Given that the operations required when dereferencing pointers and when accessing arrays are so similar, in C the two are nearly synonyms. And so both are valid candidates for pointer arithmetic, which is another way that compilers make dealing with memory more convenient.

The thing is that you very often want to compute the address of the byte immediately following a variable, because you very often know that there’s another variable of that type there (for instance, the first variable is the middle element of an array). Similarly, you might want to go an element-size backwards. And it’s often convenient not just to compute that address, but to dereference it all in one go. (Well, in code. In processor instructions it’s still more than one step, but the compiler gets to worry about that.)

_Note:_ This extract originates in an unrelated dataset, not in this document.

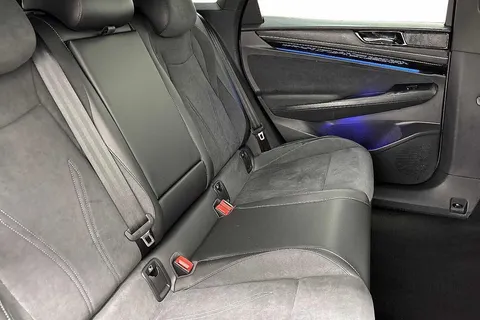 KY25VTW Volkswagen Id.7 210kW Match Pro S Plus 86kWh 5dr Auto Thumbnail #10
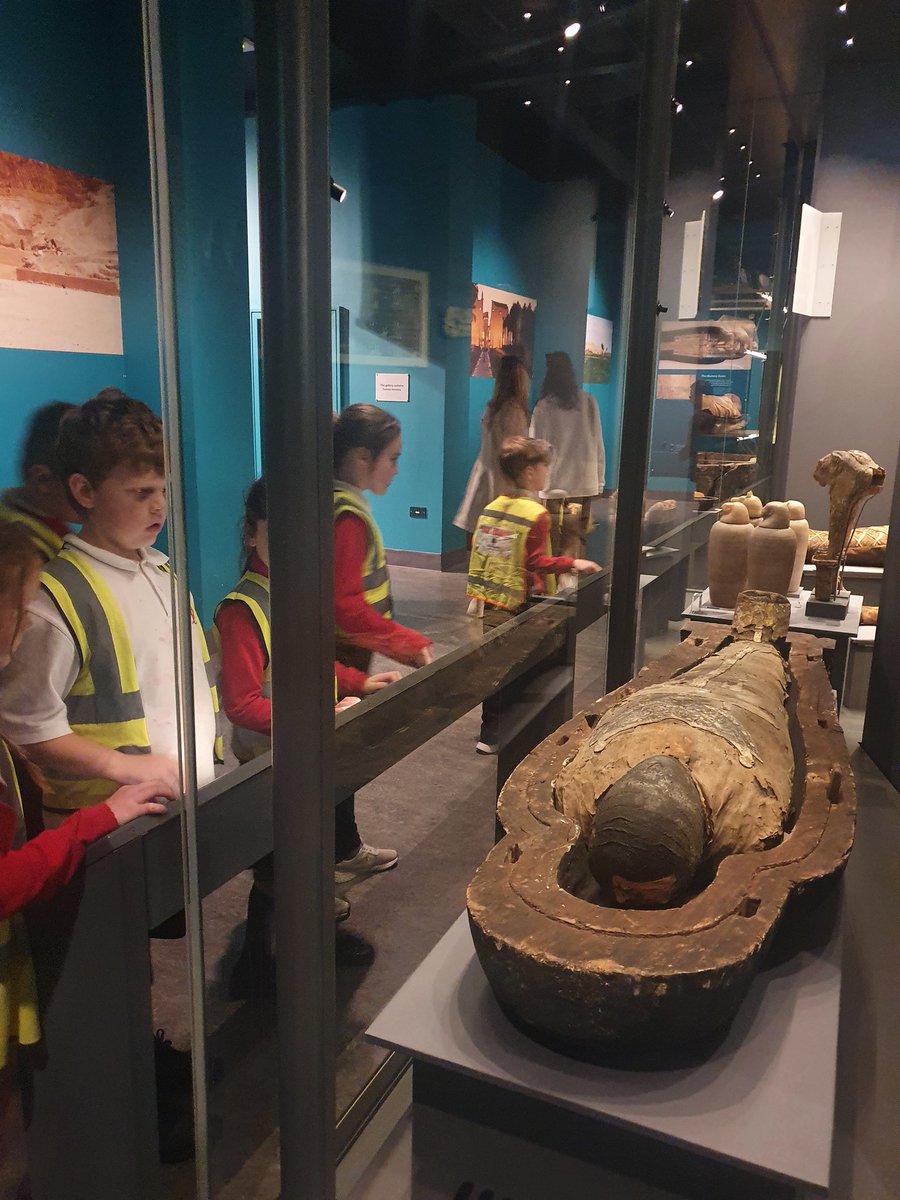dosbarth3PG's tweet photo. We loved exploring the ancient Egyptian artifacts 🧟‍♂️⚰️ @YsgolEmmanuel https://t.co/fOxMCxV8rn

This is why C and a good number of its relatives have pointer arithmetic. What this means is that any time you add or subtract an integer to a pointer, that integer will first be multiplied by the size of the type that pointer is a pointer to:

//given: int a[50]; int* p = &a[20];   //these are equivalent expressions p + 1 &a[21] a + 21   //as are these &a[18] p - 2   //and combined with dereferencing: a[20] p[0] *p   //likewise these refer to the same memory a[21] p[1] *(p + 1)

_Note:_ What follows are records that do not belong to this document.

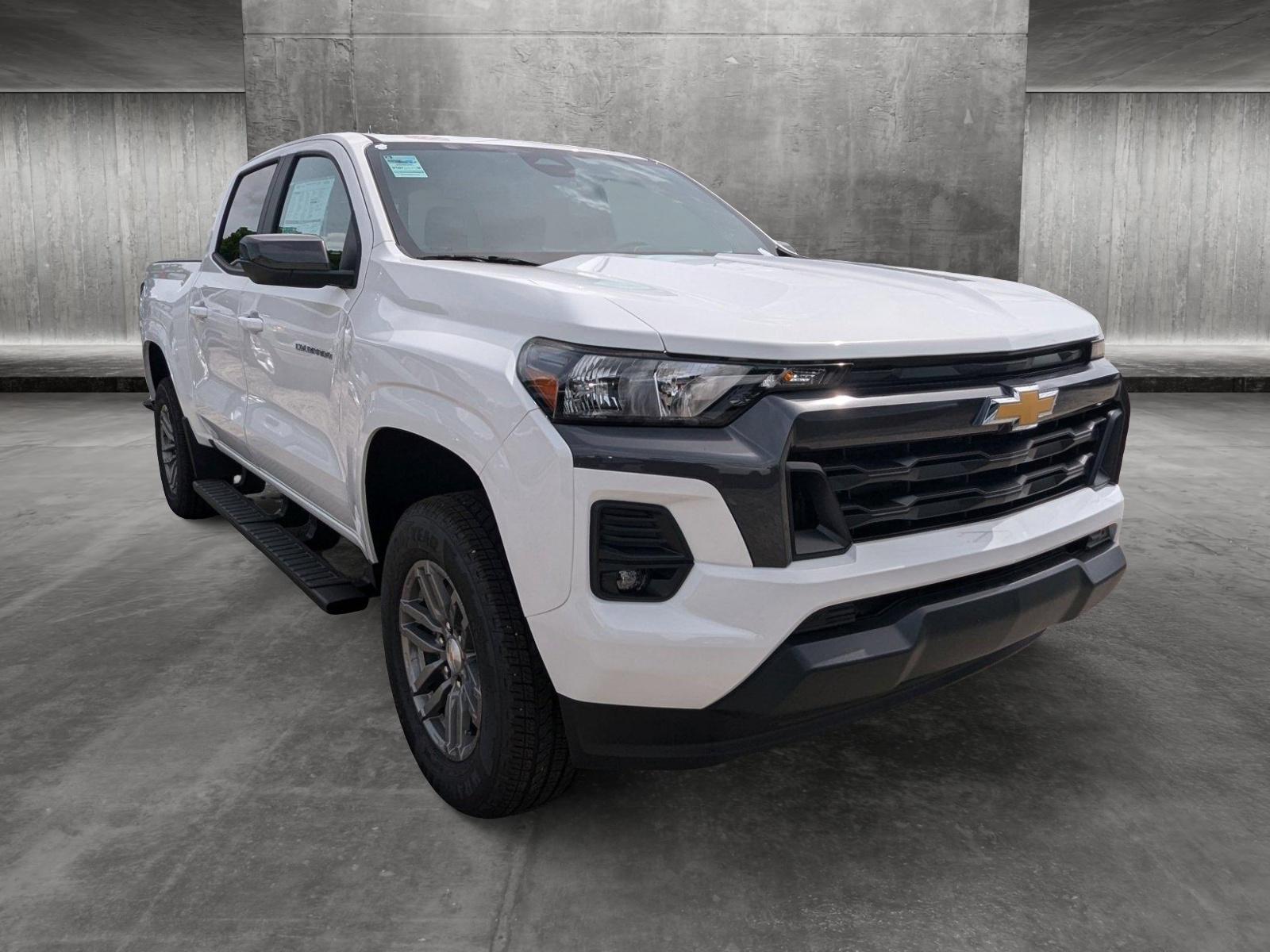 2024 Chevrolet Colorado Vehicle Photo in MIAMI, FL 33172-3015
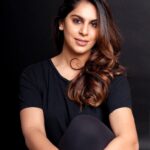Upasana Kamineni Instagram - Girls that wear black , have really colourful lives. 📸 @eshaangirri 💁‍♀️ @sandysartistry #upasana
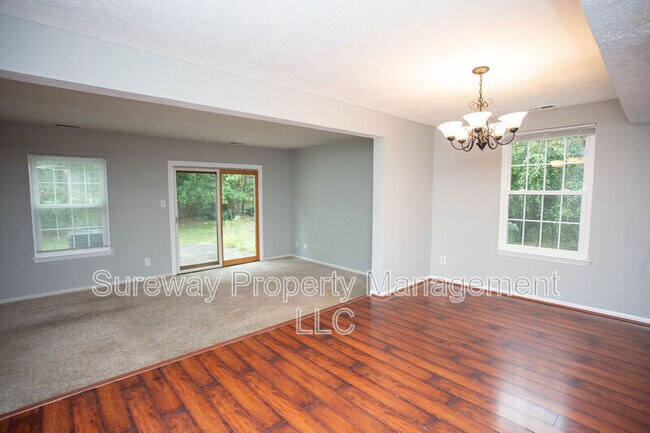 Foto del edificio - 38 Dorchester Cir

And when arrays and structs meet, the compiler creates instructions that compute each level of offsets in turn:

Point pts[20]; pts[6].y = 4;   int i = 2; pts[i].y = 3;

If pts ends up at location 100, the first assignment writes to address 152. That’s 100 for the start of the array, 48 (6 * 8) for the 6th element in an array of 8-byte elements, and another 4 for the offset of the y variable within that element.

The next bit is the same, only instead of the compiler directly computing the address, it’ll multiply the value in i by 8 (element offset in the array), add it to 100 (array’s starting address), and then add 4 again for the offset of the y field. (Again, compilers are smart, most likely they’d just add 104 in one step rather than two. And if they could prove, by analyzing the program, that i will have a particular value at that point then the compiler would create a direct write to the final address.)

## In Summary

There’s nothing magical about variables or pointers. Variables are just blocks of memory that the compiler’s assigned to specific addresses. Their names are just a convenient way to refer to that address (a number) without losing our sanity, or having to correct every reference to that data any time we do something that forces it to move to a new address.

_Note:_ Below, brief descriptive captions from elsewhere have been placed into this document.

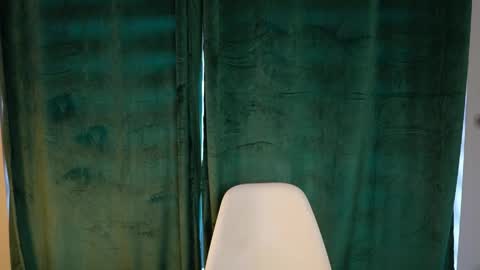 Snapshot of tom_fordd chatting on April 11, 2026, 7:45 am Tom online show from April 11, 2026, 7:45 am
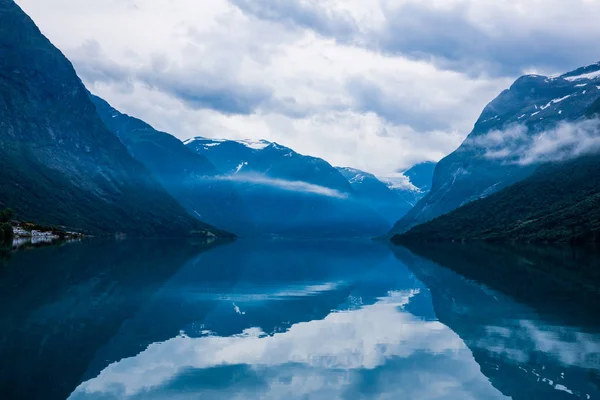 Lovatnet Lake Beautiful Nature Norway . — стоковое фото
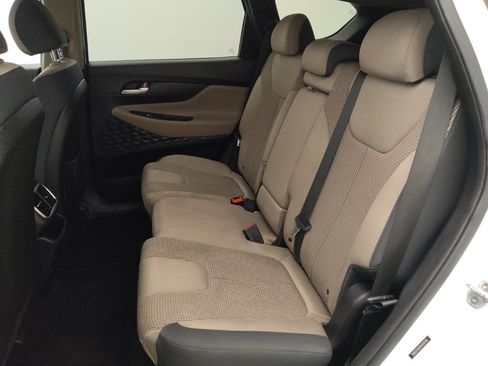 Used 2019 Hyundai Santa Fe SE FWD image 18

Pointers are a means that many programming languages provide for working directly with the memory addresses themselves. They have their own type, in order to make it hard to mix them up with numbers that aren’t meant to point to data, and also in order to tell the compiler that it should use special rules (allowing dereferencing and pointer arithmetic) to make working with the pointed-to data more convenient.

The whole point of the two is to spare programmers the massive headache that organizing data into the billions of bytes in a modern computer’s RAM would be. They’re often daunting to new programmers, but they’re much, much better than what we’d face if we had to work directly in the terms that a computer “understands”, where everything is just bits and there are no clues as to which bits are for what.

Compilers keep track of some of the data that they need in order to carry out their business by keeping track of types, which can also help programmers deal with some of the load of remembering what any given varible is supposed to represent.